As classes start, students will not be the only thing returning to upstate New York college campuses this fall.
The region could also see new businesses thanks to Start-Up NY, a bill that will create tax-free zones on and near college campuses in the state, according to Charlie Kruzansky, assistant vice president of the Office of State Government Relations.
Under the bill, certain types of businesses — start ups, businesses expanding within New York and businesses relocating to New York from another state — will be able to locate in areas across New York where they would be exempt from paying property tax, sales tax and business or corporate taxes.
The bill, previously known as Tax-Free N.Y., was introduced in May by Gov. Andrew Cuomo (D-N.Y.), and passed by the New York Legislature before the end of the session this year, according to The Associated Press. Cuomo signed the bill into law on June 28 in Purchase, N.Y.
According to Cuomo, Start-Up NY is a “game changer” that will use colleges and universities in the state to help boost the New York economy.
“Start-Up New York … utilizes private partnerships with New York’s higher education system to create jobs and spur economic development in areas of the state that have been depressed for decades,” Cuomo said in a letter June 26.
According to Kruzansky, Cornell can apply to create a tax-free zone on or near campus where student-owned businesses would be eligible to settle. The student-owned businesses do not have to work directly with the University, but have to “benefit from the research [or] teaching,” he added.
“To receive these tax breaks, the company has to be in a business that is related to a field of study or research at the university,” he said. “It has to have some relationship.”
Zachary Shulman ’87 J.D. ’90, senior lecturer of management and acting director of Entreprenuership@Cornell, which helps promote entrepreunership on campus, said Cuomo’s plan could affect Cornell and Ithaca “very positively.”
“It’s a huge advantage for businesses to locate in and around the University. … [It] creates more income and revenue and generates wages for employees to spend on the local economy,” Shulman said. “The more small businesses in Ithaca, the better the economy is.”
Shulman said that student businesses could also benefit by not having to pay the sales, property or corporate income taxes that businesses normally pay. Furthermore, student businesses could hire students and maintain a strong connection between the University and recent alumni, he said.

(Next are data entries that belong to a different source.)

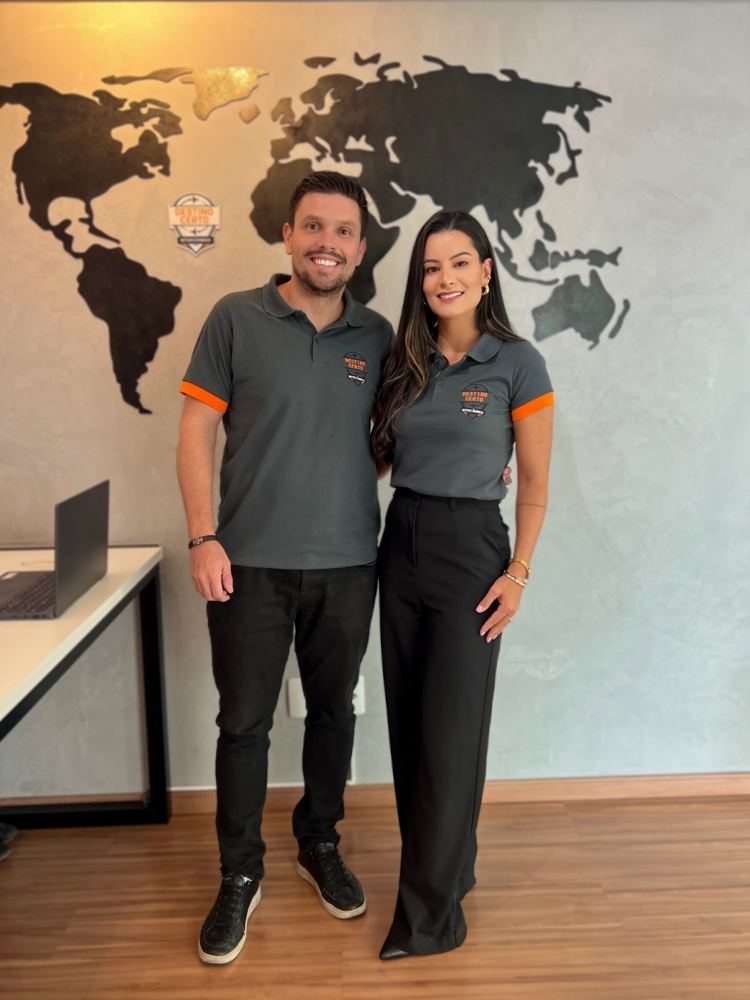 Os fundadores da Destino Certo Intercâmbios, de camisa da agência, em frente ao mapa-múndi do escritório em Campo Belo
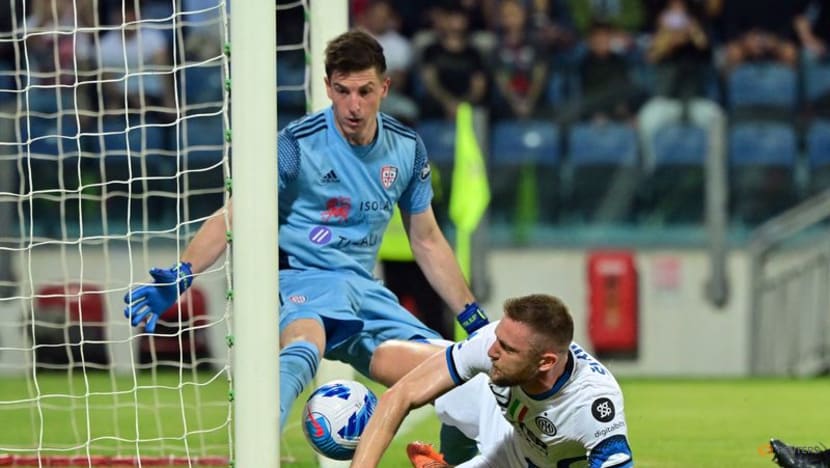 Inter take Serie A title race to final day with victory at Cagliari Inter take Serie A title race to final day with victory at Cagliari
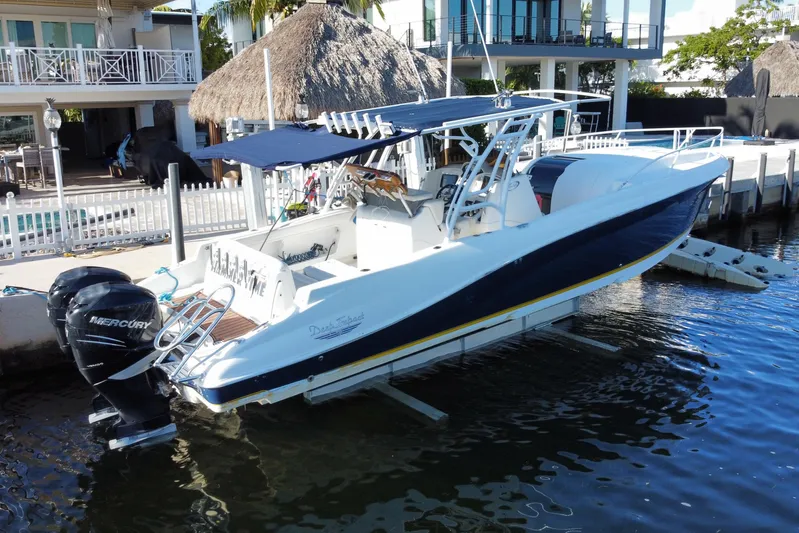  Yacht Photos Pics 2004 Deep Impact 36 DI boat docked with dual Mercury engines, near waterfront homes.
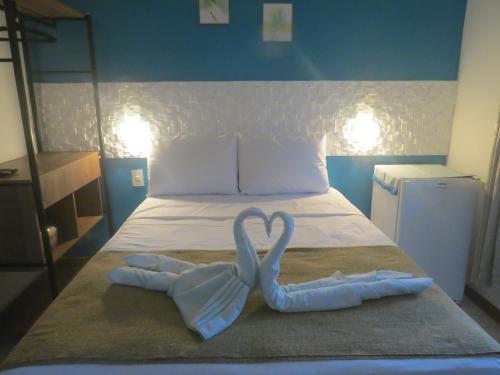 two towels in the shape of a heart on a bed at Pousada Guapuruvu in Abraão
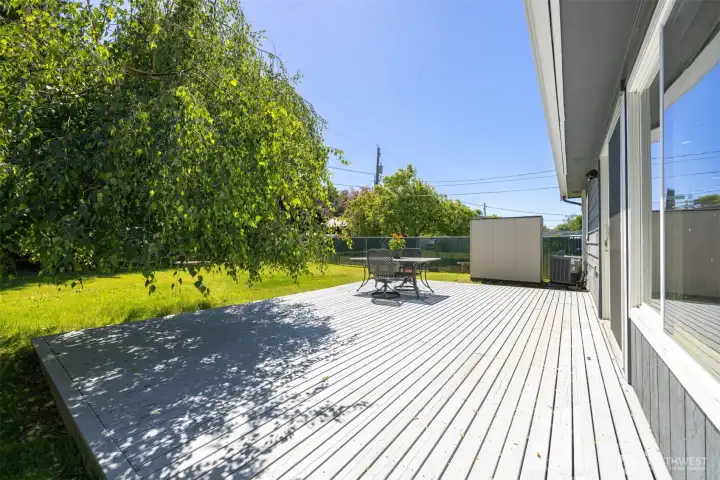 Deck accommodates a grill, table and additional lounging chairs.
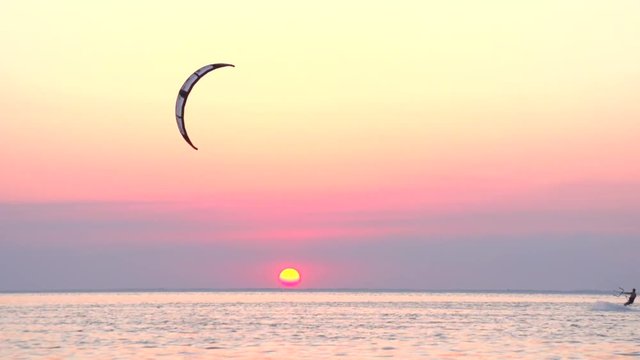 Kitesurf on the background of a beautiful sunset.   Slow motion 240 fps.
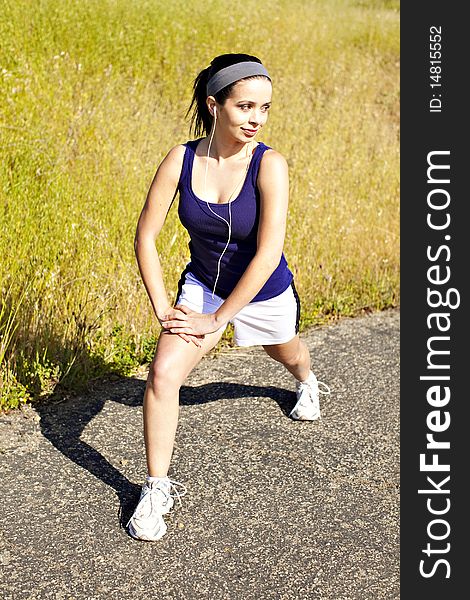 Young woman exercising outside in the sun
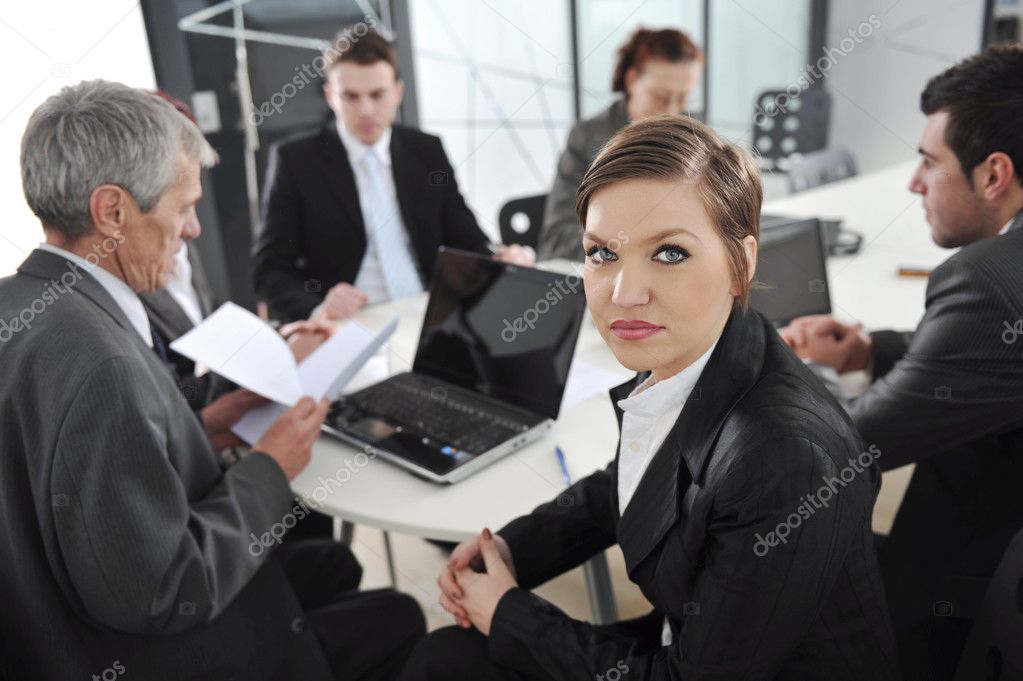 Portrait of successful businesswoman and business team at office meeting
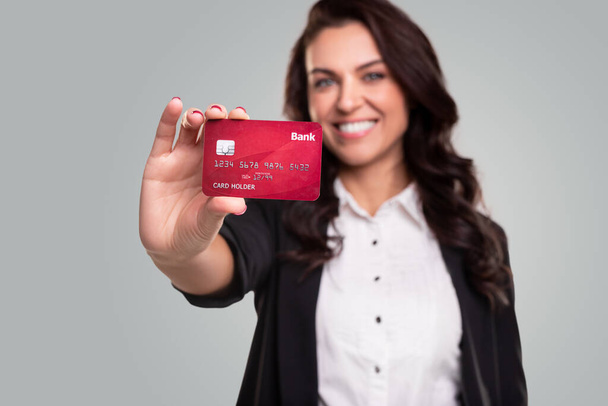 クレジットカードを示すフレンドリーな女性 - 写真・画像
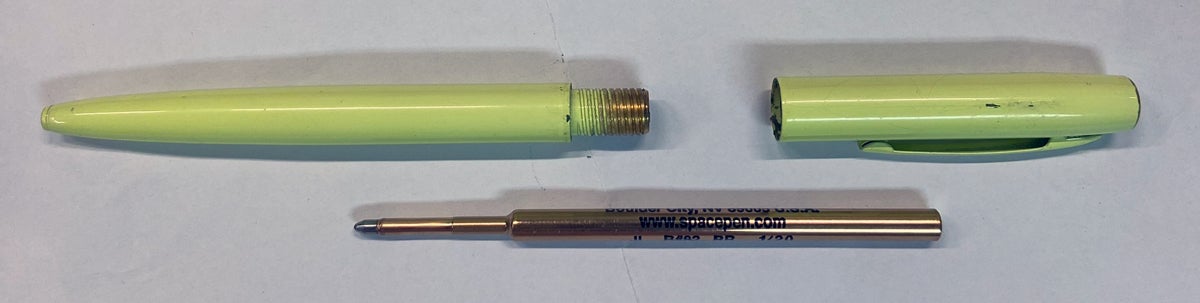 The two parts of the pen body are threaded together, with the pressurized ink cartridge inside. (Photo © Russ Chastain)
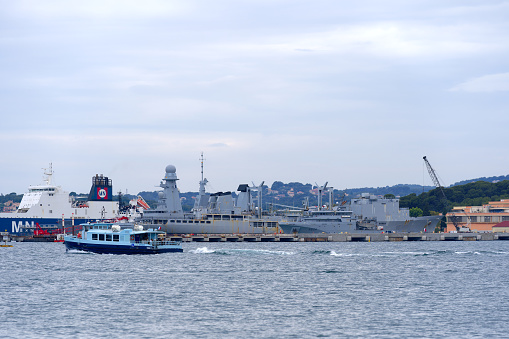 Navy frigate enters a harbour after offshore training exercises.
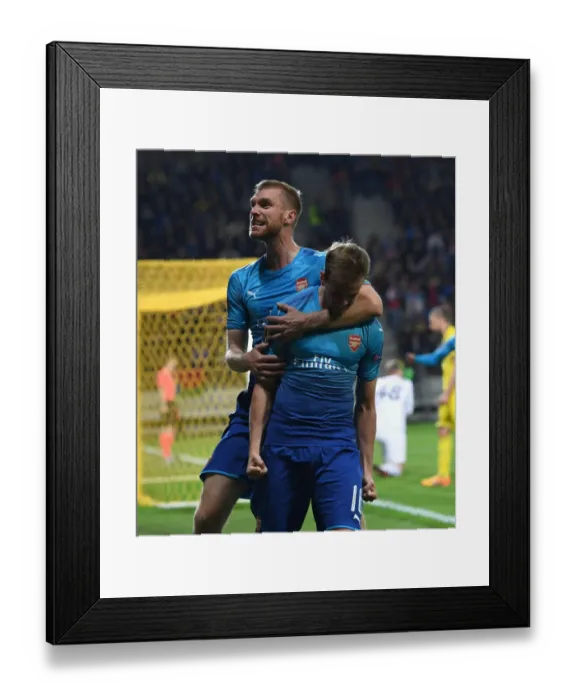 Framed Print : Arsenal's Holding and Mertesacker Celebrate Goals Against FC BATE Borisov in Europa League Framed Print : Arsenal's Holding and Mertesacker Celebrate Goals Against FC BATE Borisov in Europa League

“In my ideal world, students would start a business while they’re here and then keep it here when they graduate,” he said.
Kruzansky echoed Shulman’s sentiments, saying the bill could create new employment opportunities that could keep entrepreneurial faculty at Cornell. Furthermore, these opportunities could attract students interested in start-ups to the University, he said.
For current Ithaca residents, however, there might be a cost to the additional new the bill could bring. People who do not support the bill say the migration of new people moving into upstate New York communities will create an additional tax burden on current residents paying for public services.
According to Gary Ferguson, executive director of the Downtown Ithaca Alliance, Ithaca could lose revenue from tax-free zones. He added, however, that this burden could be ameliorated somewhat by placing these businesses throughout the community.
“When you look at this holistically, there’s an opportunity for projects to be located on campus, near campus or in the community, wherever it makes sense,” Fergeson said. “That way, not only the tax burden, but also the job and investment benefits, can be spread in a way that makes sense for all.”
In addition to granting tax immunity to new businesses in these areas, the bill also includes a provision that would exempt employees of new businesses from paying income tax for five years and from paying income tax the following five years up to a certain wage, according to the bill.
According to Kathryn Boor ’80, dean of the College of Agriculture and Life Sciences, another concern with implementing the bill is “to ensure that we carefully avoid competing with exisiting businesses in our region.”
Boor added, however, that by making areas near college campuses tax free, the bill creates a “true incentive” for new businesses to move to New York and for existing businesses to expand their operations.
For CALS, she said, there is an “enhanced opportunity for our entreprenurial faculty members to develop start-up companies, either on their own or with external partners.”
Kruzansky added that certain CALS programs could benefit from the bill.
“The Geneva Experiment Station (part of Cornell Cooperative Extention in CALS) could be a hub of new agricultural businesses and make Geneva a more desirable place to work and live,” Kruzansky said.
Overall, according to Shulman, Cornell could benefit greatly from Cuomo’s bill.
“I cannot think of any downside for the University at all,” Shulman said.
Ferguson, however, said that there must be careful planning for these benefits to reach everyone, even beyond the Cornell community.
“I think there is a great opportunity for this program to provide benefits for everyone, including the broader community, but it’s going to take some time. It’s going to take some careful thinking to make it all happen,” he said.